◆ GIVEN INFORMATION:
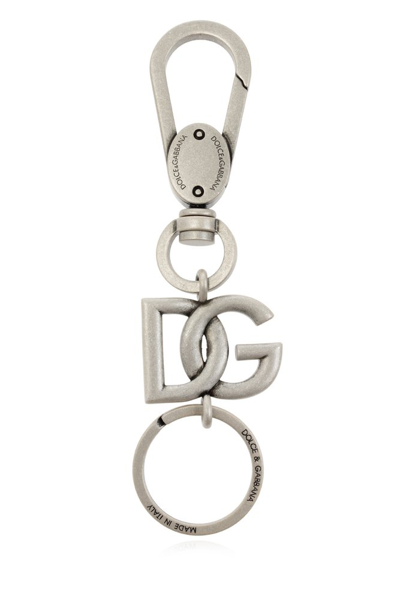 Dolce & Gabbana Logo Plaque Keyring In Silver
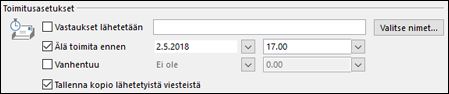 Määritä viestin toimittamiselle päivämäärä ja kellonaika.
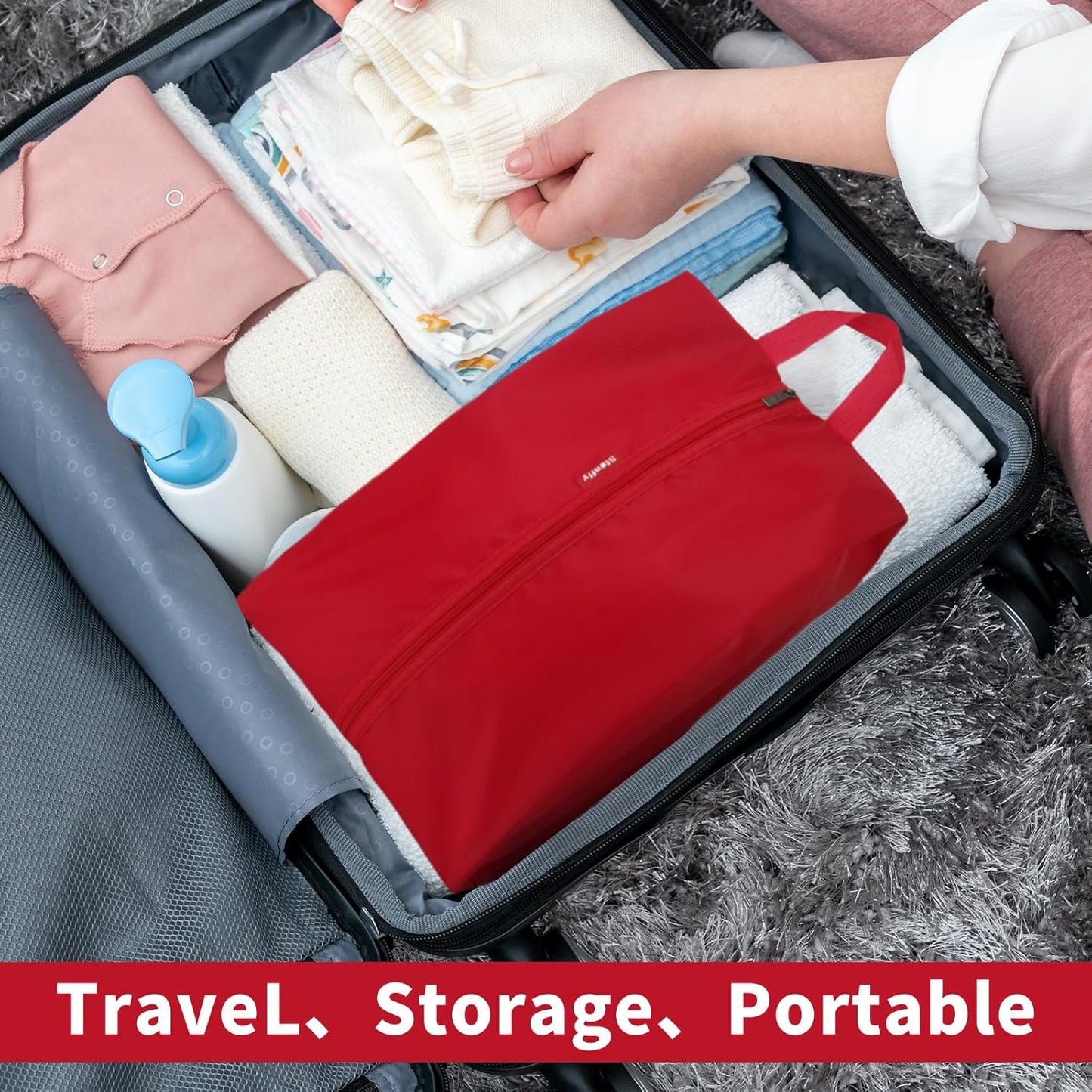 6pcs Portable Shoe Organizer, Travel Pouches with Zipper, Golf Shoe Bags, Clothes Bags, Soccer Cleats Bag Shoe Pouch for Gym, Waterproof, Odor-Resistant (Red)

◆ TASK INSTRUCTIONS: Print the whole listing again exactly, please. No pictures.

◆ WRITTEN RESPONSE:
 Dolce & Gabbana Logo Plaque Keyring In Silver
 Määritä viestin toimittamiselle päivämäärä ja kellonaika.
 6pcs Portable Shoe Organizer, Travel Pouches with Zipper, Golf Shoe Bags, Clothes Bags, Soccer Cleats Bag Shoe Pouch for Gym, Waterproof, Odor-Resistant (Red)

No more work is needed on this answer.